The global Findex survey, though it is
silent on account balances, does reveal a large gap between those who say they
have an account and those who say they save in it.) Getting banked is hardly a
quantum leap for most people in the informal sector.
Too much
financial education
Surely that’s because a majority of poor and informal people who are offered an
account don’t understand how they can benefit from the account. Before we send
the financial education corps in, hear them out. People budget and discipline
themselves by separating money into distinct categories and savings vehicles.
Expecting them to regroup all that value and dump it into a single account goes
against the grain of the financial education they have received from their
parents and grandparents. And having to spread their meager savings across
multiple single-purpose accounts is too complex for them. They don’t need
re-education, what they need is easy-to-use services that accommodate and
extend how they think about money and organize their future outlays.
Half the job of
money
If savings aren’t a good hook, what about payments? That’s become the standard
bet behind mobile money. It works for remote payments where cash performs
dismally, but it’s a whole different story to get people to pay for goods at
the local store electronically when what they have is cash. We need mobile
money to fulfill the two standard functions of money: storage of value and
means of payment. You can have a great store of value that is a lousy means of
payment (some might think cow), but I can’t see a lousy store of value that is
a great means of payment. The two functions are in fact inseparable.
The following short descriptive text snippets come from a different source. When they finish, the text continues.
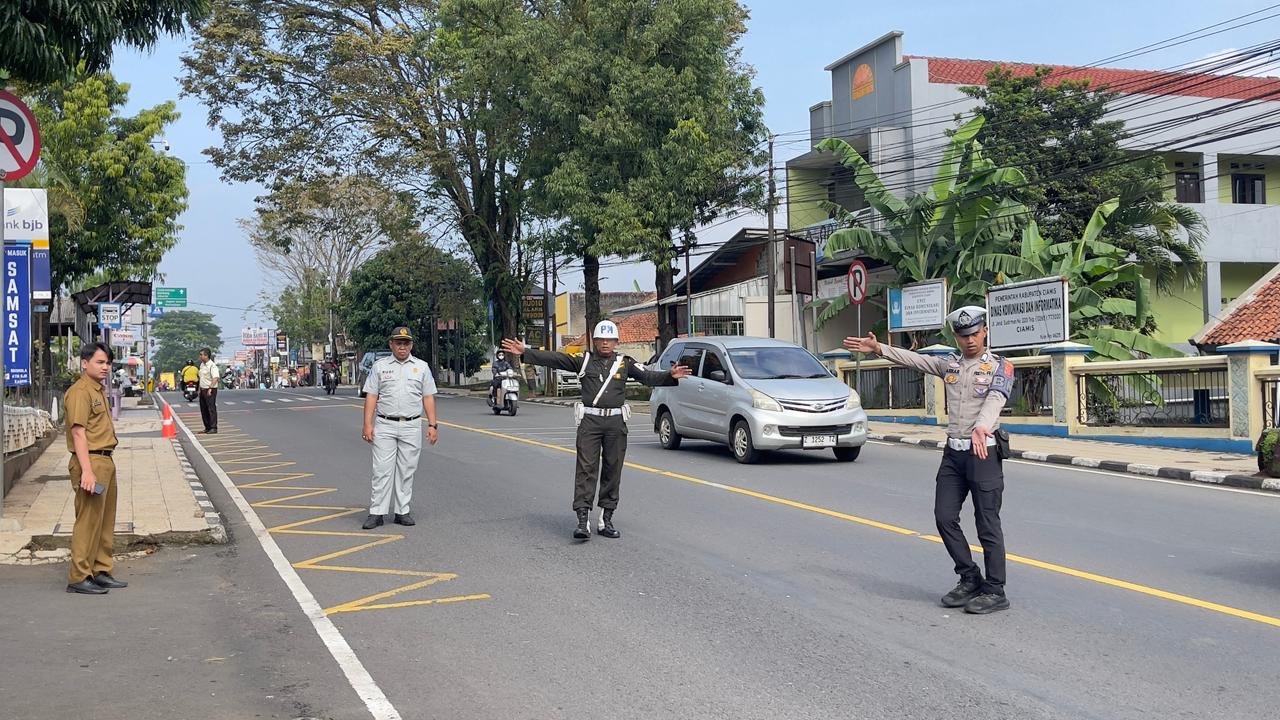 Jasa Raharja Cabang Tasikmalaya Laksanakan Operasi Gabungan KTM DU dan Kamseltibcarlantas di Wilayah Kecamatan Ciamis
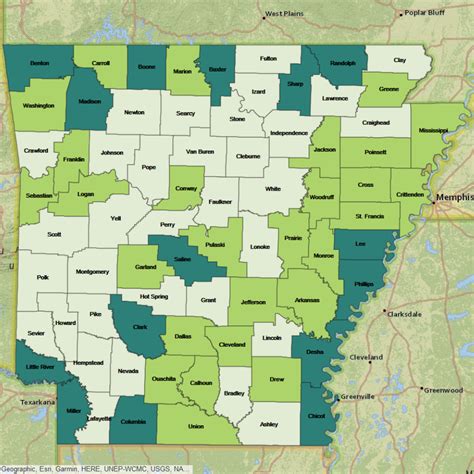 Dry County Map Arkansas 2024 - Denny Sigrid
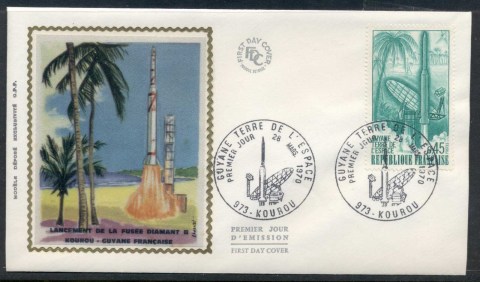 France-1970-Guyana-Space-Rocket-Diamant-FDC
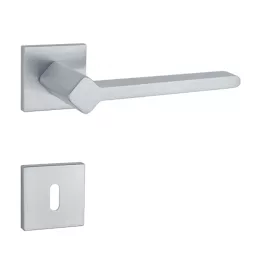  APRILE NINFEA Rozetă Pătrată Q SLIM 7MM SC - Crom Satinat BB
If you want daily in-store payments to go mobile, you need to find ways to
fatten those mobile accounts.
We need
innovation, I’m afraid
So what’s the way forward? We don’t have the recipe but it surely involves
listening to customers and trying out new things. I’ve proposed recasting
shorter-term savings as a set of future payments to
oneself – if you have income today, you might send
it to yourself to next Friday because that’s when you have to pay your child’s
school fees. Maybe that’s right, or maybe not. The point is that we need
innovation and we need disruption. Regulators need to be particularly careful
to not entrench the status quo, and to not make assumptions about who will do
what, how, because none of us know. Innovation begins by opening up the field
(think e-money issuer licenses), it is fostered by rolling back regulations
that are no longer necessary with today’s technology (think cashing in/out at
retail shops), and it is fueled by taking bold steps that address major
barriers (think paperless account opening with deferred
know-your-customer procedures on small accounts).
Silence at the top
I’m quite impressed at how regulators in many countries have taken the cause of
financial inclusion to heart. But it feels to me it’s more the result of
personal than institutional agendas. This makes it hard to align support inside
and across regulatory agencies (not everyone will be equally concerned) and to
sustain the efforts over time (as administrations change). The institutional
agenda at the working level is driven by the stuff that gets discussed in Basle
and Washington. While regulators don’t hear it from the Basle Committees and
from the IMF, they might have a commitment to financial inclusion but not a
real responsibility. But we don’t hear a peep from these organizations on it,
and while that’s the case selling financial inclusion visions to central
bankers will be an uphill struggle. The guardians of world finance need to tell
us that they care about anyone other than the half of the half of the half who
have significant amounts of money stored in their bank account.